Microsoft envisions this as “the new front end” for their apps – instead of hunting through menus or typing formulas, you just tell Copilot what you need. In our internal testing, we’ve found ourselves adapting to this pretty quickly. It feels natural to ask an AI to handle a task, especially once you trust that it usually does a solid job. Think of Copilot Chat as an employee who’s extremely fast, fairly knowledgeable, and available 24/7 for any department.


There's an important distinction between Copilot Chat (free with many plans) vs. the $30 add-on Microsoft 365 Copilot. Copilot Chat is what everyone gets in things like Teams and Bing (where it’s called Bing Chat Enterprise). It’s great for general Q&A, brainstorming, writing help, and so on, and it uses web information plus whatever limited organizational data it can access if you have certain licenses. Microsoft 365 Copilot, by contrast, is the full-fledged AI deeply woven into Office apps, with access to all your internal content (files, emails, calendar) through the Microsoft Graph. That’s the one with the extra fee. In practice, if you have M365 Copilot, Copilot Chat becomes much more powerful because it suddenly knows your internal context too. But even without that license, Copilot Chat itself is a productivity booster with web knowledge and your prompts.


Key point for leaders: Having an AI assistant in the flow of work reduces “task switching” and lowers the friction for using AI. Employees don’t have to think about which tool to open or whether they’re allowed to use it – it’s just there. This could lead to widespread adoption, meaning the ROI of Copilot isn’t limited to a few power users; it can become part of everyone’s daily toolkit.
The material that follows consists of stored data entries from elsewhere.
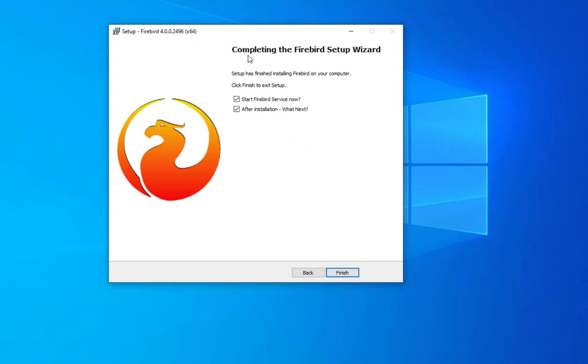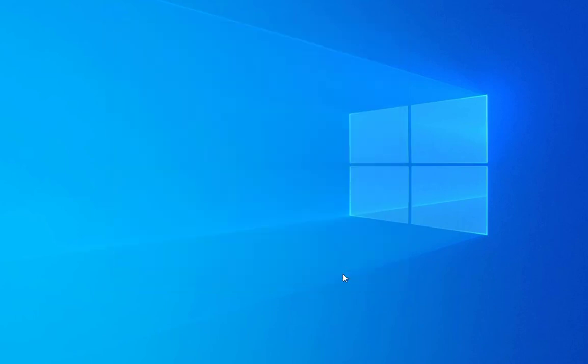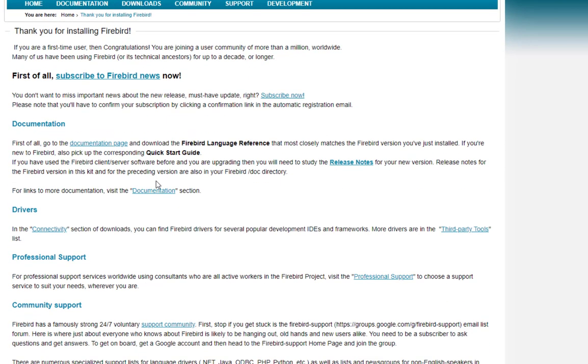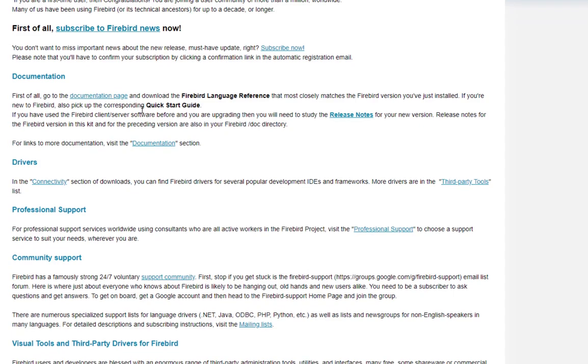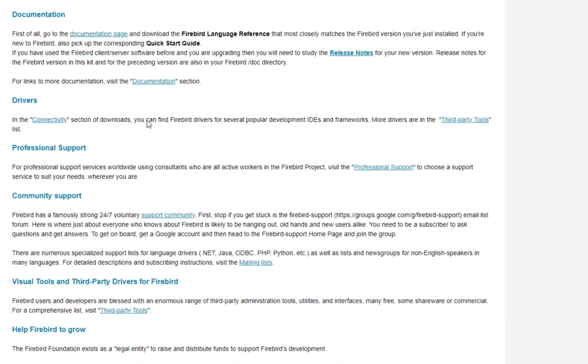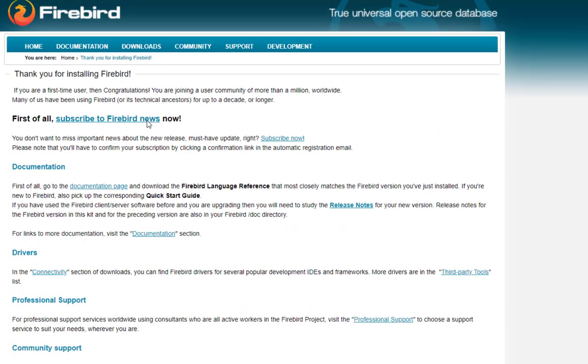The final step for completing the Firebird setup wizard is to start Firebird service now after installation. Let's click on finish and we are redirected to the community page for documentation.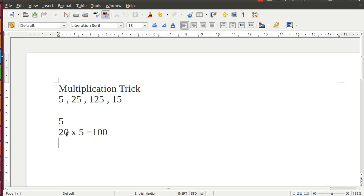Again, let us take another example. We want to multiply 16 into 5. Just divide 16 by 2, that is 8, and add 10. Simple.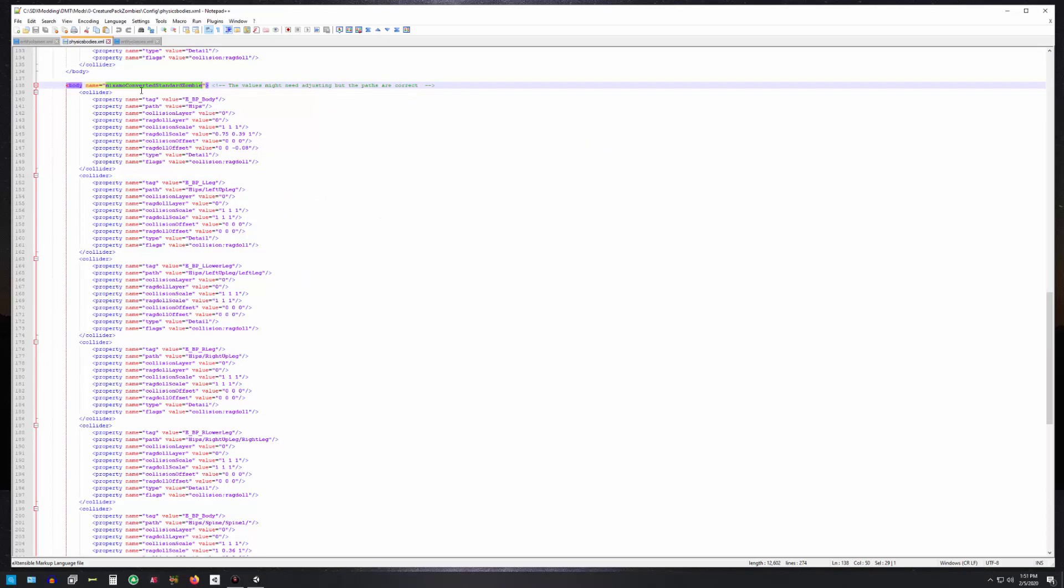It's called mix ammo converted standard zombie. What this does is gives you the mapping between the tags that you put on the bones and the path to the ragdoll components. Here we have a body tag on the hips and left leg—we tagged left upper legs and so on—and it has various ragdoll parameters that you can adjust. These are all default from vanilla and they work fine, so I recommend you leave them alone at this point until you know exactly what they do. The flags you will always leave at collision and ragdoll.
Productivity in Practice: How Copilot Saved Time

Skepticism around AI often centers on, “Is this just hype, or will it actually save time/money?” That’s why we loved sharing real examples from our experience and Microsoft’s early tests showing Copilot’s impact:


  • Email Triage and Drafting: One of our team members was buried in email after a week off. Copilot Chat summarized a dozen lengthy threads into concise bullet points, highlighting key decisions and action items. In one case, it even drafted a polite response email. This turned what could have been an hour of inbox clearing into a 10-minute review session. The magic moment was seeing a normally overwhelming thread distilled down into a few sentences – that clarity helps you respond faster and with confidence. Microsoft reported similar outcomes: what might take 15–20 minutes to read and write manually can take ~2 minutes with Copilot.
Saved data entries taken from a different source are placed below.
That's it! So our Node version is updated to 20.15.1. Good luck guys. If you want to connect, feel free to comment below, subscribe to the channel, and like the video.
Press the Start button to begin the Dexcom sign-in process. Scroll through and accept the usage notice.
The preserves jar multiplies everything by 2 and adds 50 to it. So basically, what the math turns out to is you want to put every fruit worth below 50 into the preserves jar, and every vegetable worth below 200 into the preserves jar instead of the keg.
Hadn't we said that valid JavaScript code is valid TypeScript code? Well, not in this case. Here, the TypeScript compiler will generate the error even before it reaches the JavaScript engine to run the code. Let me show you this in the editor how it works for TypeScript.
  • Digesting Long Documents: We tested Copilot on a 30-page market research PDF. Instead of spending an afternoon reading, we asked Copilot for a summary. It generated a clear list of key findings and even extracted a few insightful quotes. Was it as nuanced as a full read? No, but for a high-level brief, it was perfect. It allowed us to identify which sections to dive into deeper. This shows Copilot can serve as an efficient first-pass filter on information.
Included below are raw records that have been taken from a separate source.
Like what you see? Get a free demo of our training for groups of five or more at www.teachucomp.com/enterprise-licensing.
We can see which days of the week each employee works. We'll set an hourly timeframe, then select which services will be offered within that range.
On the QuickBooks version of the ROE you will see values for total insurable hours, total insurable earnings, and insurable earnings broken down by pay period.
  • Content Creation & Polishing: As writers know, the worst draft is the one that never gets written. Copilot removes the “blank page” syndrome by giving you a starting point. We had bullet points for a project update; Copilot expanded them into paragraphs with a logical flow. We then edited that draft, but it’s faster to edit than to create from nothing. Team members have also used Copilot as a sounding board for wording – e.g., “rephrase this paragraph to sound more formal,” which it does in seconds. It’s akin to having a junior copywriter or editor on call.

  • On-Demand Research: During a client meeting, a question came up: “Have we ever done a similar campaign for a finance industry client?” While one person continued the discussion, another quietly asked Copilot. It searched our past proposals and found a relevant project, providing a brief summary we could mention on the spot. And the Researcher agent can comb through dozens of websites to compile in-depth reports for you in minutes.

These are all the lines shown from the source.